I’m Rosemary McKnight from CU Boulder. Do you think there’ll be any recommendations forthcoming about a hearing screening program? At what age to start offering routine screenings as part of primary healthcare?
Hi, I’m Nancy Nelson from Indiana University, and I just have a comment about you just referenced Sharon Kujawa’s work. And just thinking about this public health model and how it might work, and how consumers might get more direct access either through telepractice or through the telephone hearing tests or a variety of ways that they can be tested. That work makes me think as an audiologist that the pure-tone audiogram probably isn’t going to continue to be the end all and be all. And so I would just caution that as we move forward with these really large scale kinds of initiatives that we think carefully about adding some additional kinds of testing, maybe speech and noise testing might be the easiest to implement.
I work for Centers for Disease Control and Prevention. So I’m rare in a sense the audiologist working in a public health agency. My question is, I think this is the broad question, are you also going towards the direction of policy study in whatever you’re doing? Are you going to integrate a policy angle into it?

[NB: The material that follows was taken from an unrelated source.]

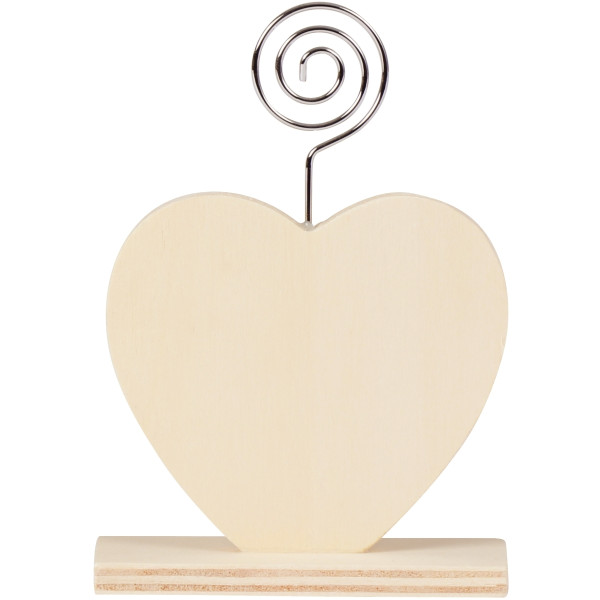 Lot de 6 porte-photos coeur en bois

So– I can’t do everything. But I would say, the closest I guess personally for me that I have been very interested in this is, yes the– You can do all the research in the world, let’s face it, and you can make– if you’ll make a little difference. So I mean that’s been a lot of my work through IOM, so I was– I co-chair the panel last year of IOM on that, that’s why that led to this consensus study.
So I think policy will hopefully evolve very quickly from PCAST and when the IOM come out next year, we don’t know what they’re going to say yet, obviously, or we’re going to say yet. But that I think will be where policy evolves from, very quickly, hopefully. Those are the– those are only initiatives I know– the big initiatives going on right now. Within the VA, obviously, VA is a whole another– and, you know, Lucille Beck and I mean, there– they have been long aware of these issues too. But, I mean that’s– I can say personally is what I’m doing at least. But beyond that, the policy piece looking at I would say broader questions of demonstration projects within CMS, within Medicare for different types of therapies for treating hearing loss and what are the long-term benefits. I mean those, I guess, were policy issues, more research which no one is really doing yet unfortunately.

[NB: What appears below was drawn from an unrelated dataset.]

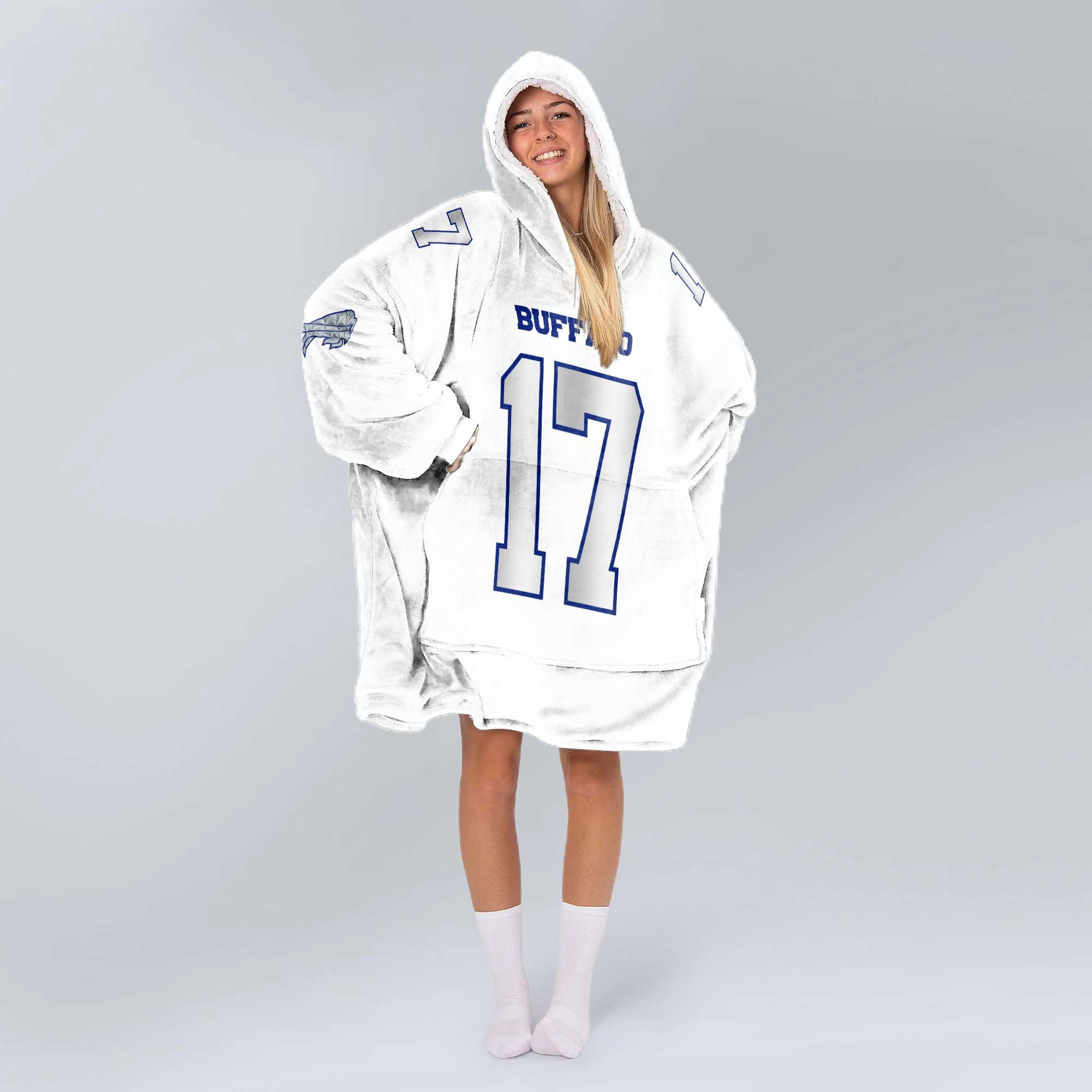 Adult J.A 17 Buffalo Football Unisex Blanket Hoodie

Then my next question is somewhat related with the hearing aid legislation. Now in the newborn hearing population, this is what CDC is charged to at the other spectrum of the world. All right, in the sense of what we have been noticing in the newborn hearing screening with regarding hearing aid use is that legislation to actually cover hearing aid — it seems to us you have to be fighting a state by state, beginning at the state law. It is extremely hard from the federal level to fight that war. It’s been very successful in the newborn population to fight state by state, lots of states have passed coverage for hearing aids and some of them actually extended to adults. So do you foresee that this may be replicated in the adult population fighting it from the state to state level? And how much of the PCAST is you think that it’s going to influence the state legislation and politics?
I don’t know.
Well, you have really shared so much with us today and it is wonderful to get this data and to get this look at where we’re going with the future. I know that all of us have been thinking a lot about our roles in the future healthcare system. This is very helpful and I think very clear and well thought out. So, thank you, Dr. Lin.